| PROBLEM STATEMENT |
No image is to be carried over; reproduce the rest of the listing word for word.

| AVAILABLE DATA |

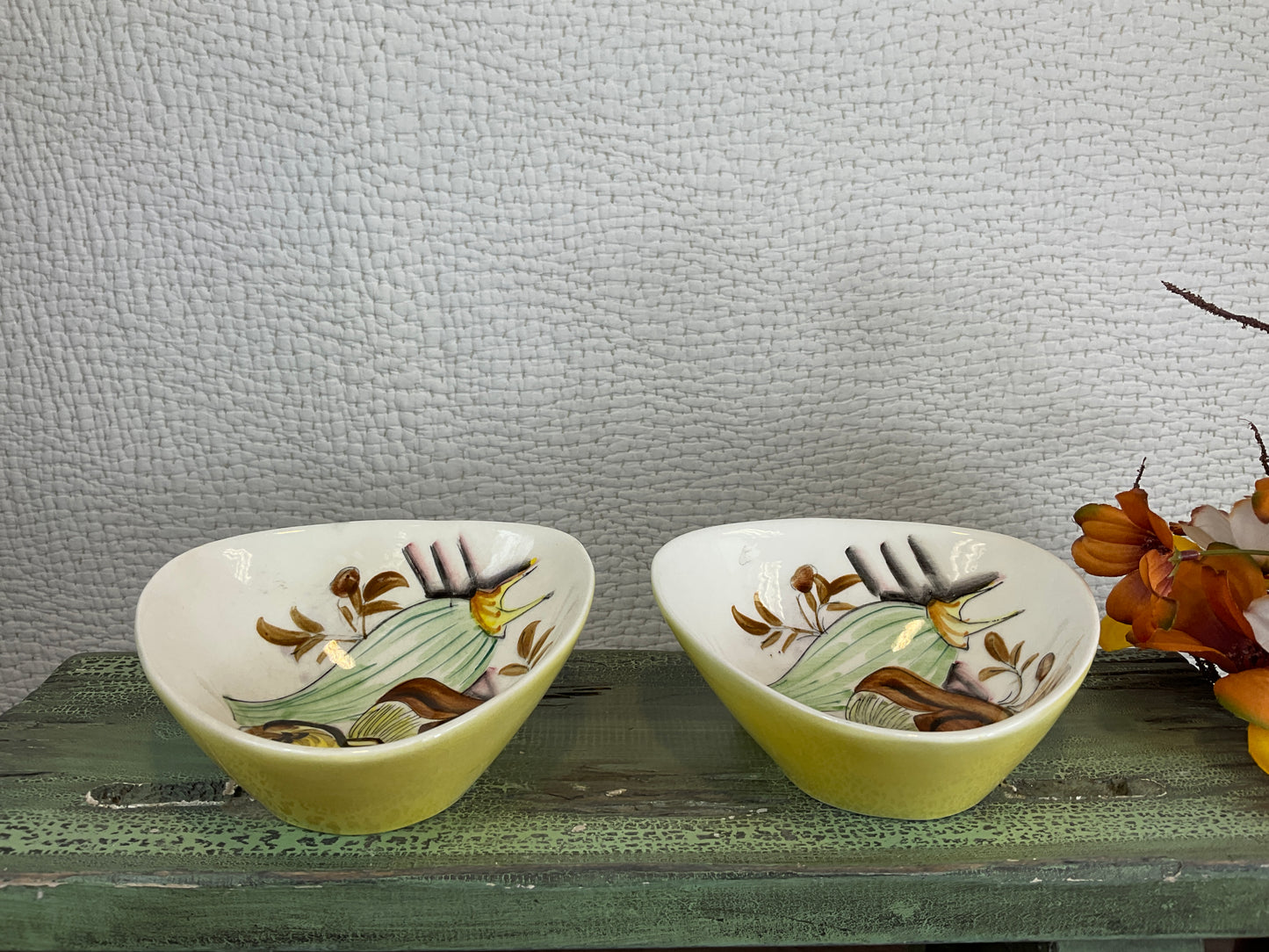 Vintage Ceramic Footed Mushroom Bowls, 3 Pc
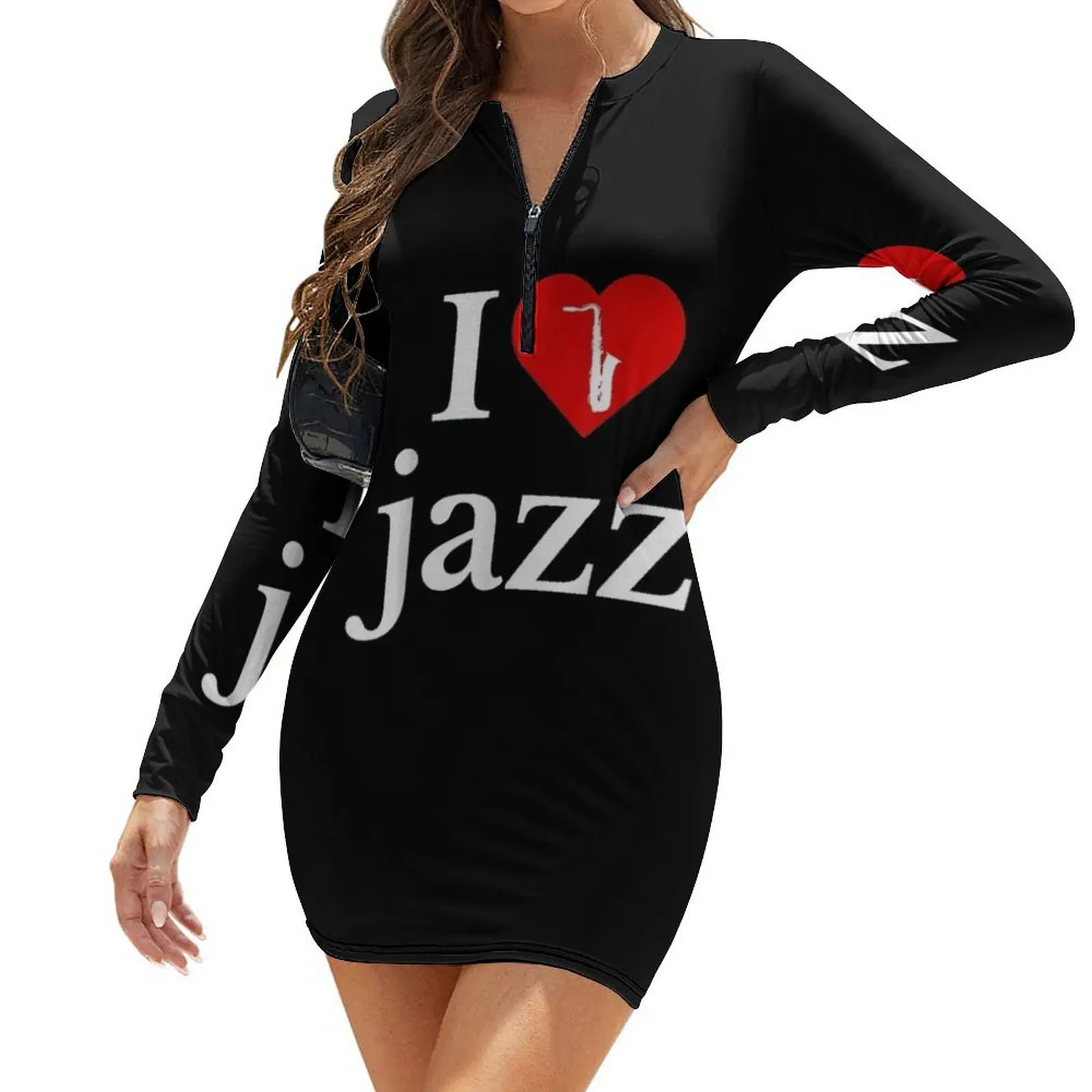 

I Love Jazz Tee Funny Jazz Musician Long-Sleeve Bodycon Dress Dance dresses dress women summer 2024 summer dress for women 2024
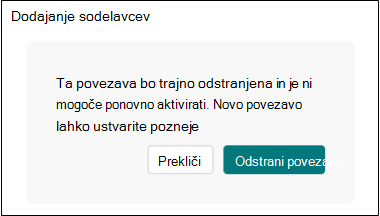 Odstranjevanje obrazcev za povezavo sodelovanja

| YOUR SOLUTION |
 Vintage Ceramic Footed Mushroom Bowls, 3 Pc

I Love Jazz Tee Funny Jazz Musician Long-Sleeve Bodycon Dress Dance dresses dress women summer 2024 summer dress for women 2024
 Odstranjevanje obrazcev za povezavo sodelovanja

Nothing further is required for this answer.